Top of Input
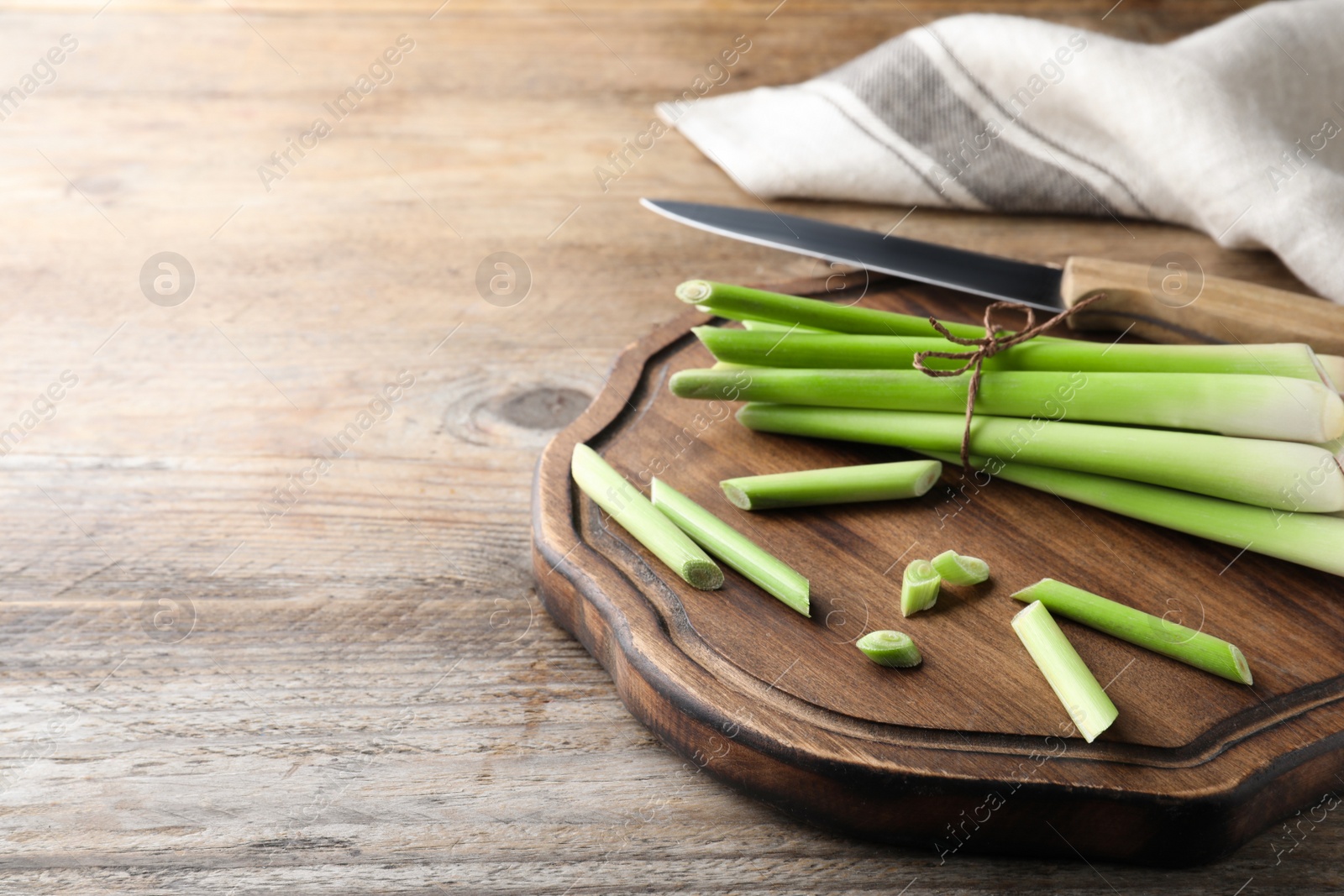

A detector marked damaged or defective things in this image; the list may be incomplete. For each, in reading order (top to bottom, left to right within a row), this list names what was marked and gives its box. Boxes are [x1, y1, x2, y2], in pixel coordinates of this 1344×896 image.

dark burnt edge of board [529, 291, 1344, 865]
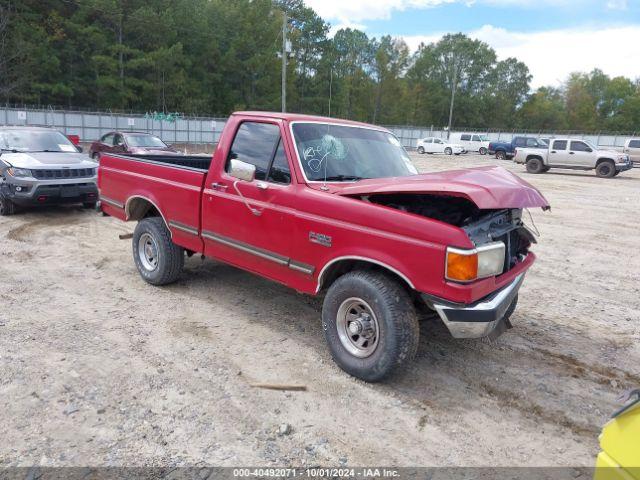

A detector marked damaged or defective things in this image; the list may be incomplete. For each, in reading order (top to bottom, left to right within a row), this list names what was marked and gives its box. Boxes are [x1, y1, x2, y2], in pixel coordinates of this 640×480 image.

crumpled hood [1, 153, 98, 170]
crumpled hood [330, 166, 552, 209]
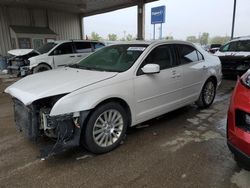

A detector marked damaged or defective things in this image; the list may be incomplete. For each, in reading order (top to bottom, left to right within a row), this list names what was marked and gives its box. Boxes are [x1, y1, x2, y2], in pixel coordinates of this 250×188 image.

crumpled hood [5, 67, 118, 106]
damaged front end [12, 95, 89, 159]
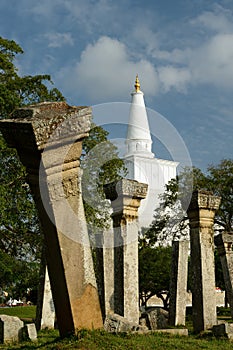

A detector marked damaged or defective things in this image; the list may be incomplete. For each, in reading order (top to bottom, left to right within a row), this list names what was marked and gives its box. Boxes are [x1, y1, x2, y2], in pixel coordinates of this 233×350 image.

broken pillar top [0, 101, 91, 150]
broken pillar top [187, 190, 221, 212]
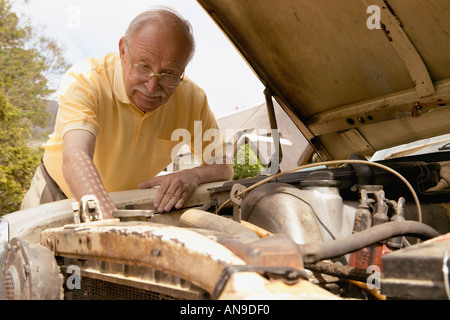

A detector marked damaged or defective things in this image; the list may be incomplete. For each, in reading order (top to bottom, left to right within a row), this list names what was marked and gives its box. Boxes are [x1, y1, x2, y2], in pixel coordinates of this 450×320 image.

rusty hood [197, 0, 450, 160]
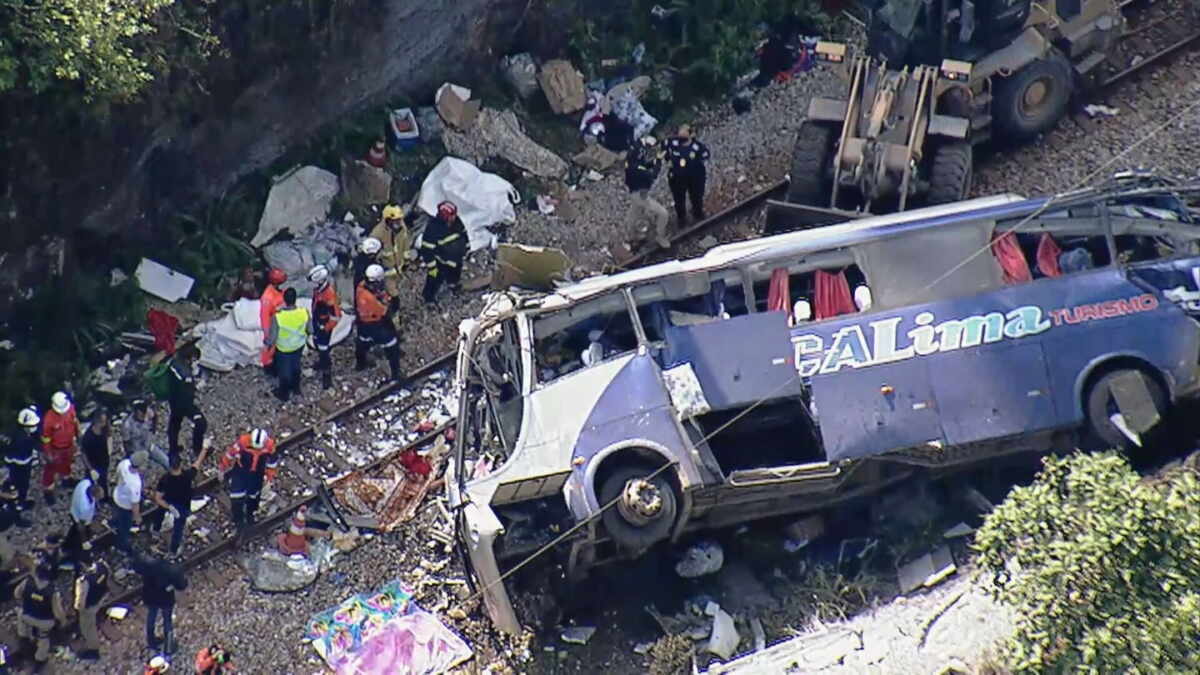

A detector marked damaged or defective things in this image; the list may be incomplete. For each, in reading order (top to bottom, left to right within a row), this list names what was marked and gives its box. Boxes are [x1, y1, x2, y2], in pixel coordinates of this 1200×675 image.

overturned vehicle [446, 176, 1200, 632]
crashed tour bus [448, 176, 1200, 632]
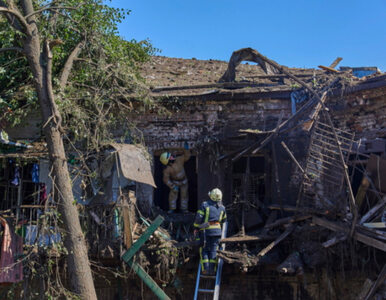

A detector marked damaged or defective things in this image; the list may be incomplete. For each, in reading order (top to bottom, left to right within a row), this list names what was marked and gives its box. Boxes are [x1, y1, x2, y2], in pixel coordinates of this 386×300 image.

broken timber [120, 216, 169, 300]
Bottom of Input
Set down exactly, and only, the lines from the one containing "this 386×300 image." through the final line of the entries above.

A detector marked damaged or defective things in this image; the list may be incomplete. For each, in reading order (top to bottom, left to right within a row), this list names what was marked and gives its box. Boxes are [x1, y1, x2, y2], in pixel coordinates of this 386×300 image.

broken timber [120, 216, 169, 300]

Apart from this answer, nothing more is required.